Clinical forensic psychologists who are primarily interested in forensic practice may work in secure forensic units, community mental health centers providing specialized services, jails, prisons, court services units, specialized agencies, or in private practice conducting forensic assessment and treatment relevant to legal decision-making. They may also be involved in teaching, training, or supervision in a department of psychology, a medical school, a hospital, an interdisciplinary institute, or a clinic. Such professionals may also be involved in conducting research and scholarship in areas such as violence risk assessment, treatment needs and response, and decision-making strategies.
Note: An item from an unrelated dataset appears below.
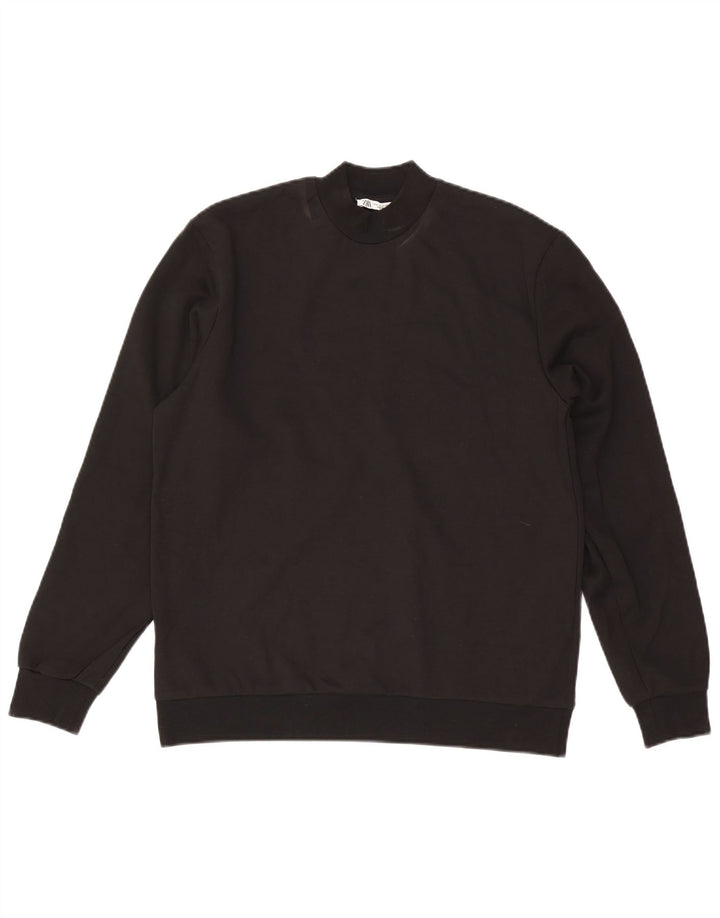 Zara Ανδρικό Φούτερ Jumper Μικρό Μαύρο Βαμβακερό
Developmental psychologists

Developmental psychologistsalso tend to be based in academic, medical, and pro

fessional school settings. They often become involved in legally relevant research and consultation with children and adolescents. There are important questions regarding the testimony of children (accuracy and influences, for example), the knowledge and decision-making of adolescents involved in the juvenile justice system, and the needs of children and families involved in divorce or separation that are among the areas addressed by the research and consultation of developmental psychologists. In addition, such psychologists may become active in attempting to develop policy regarding children and families in the forms of federal and state legislation, or the implementation of such law on the community level.

Social psychologists

Social psychologists are more likely to work in academic positions, such as psychology departments, medical schools, schools of criminal justice, or research and policy institutes. Frequently such individuals are very active in research, graduate training, and undergraduate teaching. They may also be involved in consulting with attorneys, courts, and agencies on issues relevant to their research in legal areas; examples include witness credibility, jury selection, and decision-making influences. Some non-university-based social psychologists work as consultants on a full-time basis, providing services to trial attorneys, while others may be employed by state or federal agencies (e.g. corrections, mental health) to conduct relevant research.

Cognitive psychologists

Cognitive psychologists are trained primarily as researchers and teachers in the areas of human perception and memory, and tend to focus their research and consultation on such legally relevant questions as eyewitness identification, the accuracy of memory, and the detection of deception. Their employment settings are typically university-based. Their research can be extremely important when courts must weigh testimony about events that may have occurred months or even years ago. Providing the results of such research to courts and legislators by summarizing the “state of science” on a given question is a task of some cognitive psychologists. Recently, cognitive psychologists have begun to work with law enforcement agencies to develop investigative procedures to enhance the likelihood of accurate memory and testimony about crimes and accidents.

Community psychologists

Community psychologists are likely to work in academia as well as out in the community. Community positions include working in government agencies, non-profit agencies, foundations, and community-based advocacy and service settings. For community psychologists who conduct law-related research, activities can span the range of policy and law formulation, implementation, evaluation, and change. For example, they might design and evaluate juvenile delinquency prevention and treatment programs, research adolescents’ competence to participate in legal proceedings, investigate the impact of court involvement on the functioning of crime victims, or evaluate the effects of health care and welfare reform.

Finally, some psychologists receive more extensive training in law and obtain a JD (Juris Doctorate) or MLS (Master of Legal Studies) in addition to their training in psychology. Such individuals may become involved in legal scholarship in areas of law relevant to the behavioral sciences, and may work in law schools as well as in other academic or applied settings described above. In addition to law teaching and scholarship, such individuals may become involved in psychological research or practice (depending on their specialization within psychology), or legal practice as an attorney.